CD REVIEW BY JOEL INGLIS
Keith Doom and the Wrecking Crew
Total Expendable
(Independent 2017)
I picked up the new Keith Doom and the Wrecking Crew album, Total Expendable, today. I was listening to the record on my way home from work and I thought “Well, damn. This is more polished than I’d expected.” I checked the back of the CD and saw that it was recorded by Harry Doyle and it immediately made sense. Harry’s perfectionist side comes through with any project that he touches. Harry’s talent and experience, paired up with the frenetic mad energy and passion of Keith Doom and the Wrecking Crew, has resulted in a seriously solid album.

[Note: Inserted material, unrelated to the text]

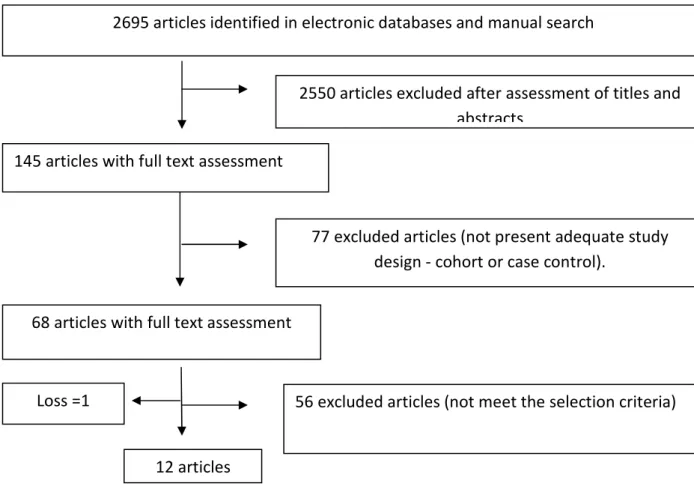 Figure 1 - Process used in the selection of articles from the search to the quality  assessment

The album was one song too long for my relatively short drive home. In part because it inspires a heavy foot on the pedal, and in part because the album is comprised of ten incredibly fast and hard-driving punk songs, so it kind of ends before you have had a chance to digest it.
So I decided to give it a better listen without distractions. I brought it into the house and put it in my laptop. The album started with a discordant warble and off into the start of track one, “Repulsion”. It didn’t sound or feel right, though. So I went downstairs and poured myself a mason jar of whisky ginger and grabbed my over-ear headphones. Then it sounded/felt right.
Once I was really ready for the album, I gave it another listen. The album, overall, is a solid attempt to capture the energy of a live Keith Doom and the Wrecking Crew show.
Nathan Hines (Keith Doom) doesn’t hold back for a second. It’s clear that he put his all into this and the energy levels are there. Tanner Leudy’s guitar capabilities shine through on tracks like “Crosseyed” and “Total Expendable”, while the rest of the album has competent and confident aggressive punk style. Shane Wilkie lays down solid driving bass-lines that elevate songs like “Texas Instruments” and “Frig Off” to a higher class of punk. Adam LeMoine’s simply one of the best punk drummers around, and his work on this album displays that clearly.
“Total Expendable”, the title track, is one of the catchiest damn punk songs that I’ve heard and is worth the price of admission alone. With a solid, weird narrative style, the song tells its tale over a base of driving punk lines and interesting guitar riffs that create an unnerving and beautiful melody. Total Expendable is exactly what you would want from a Keith Doom and the Wrecking Crew album, though it could stand to be about 15 minutes longer. It’s aggressive and driving but tight and polished. Pick it up if you’re into legitimately good punk music or if you want an album that’ll inspire you to get back into the mosh pit again.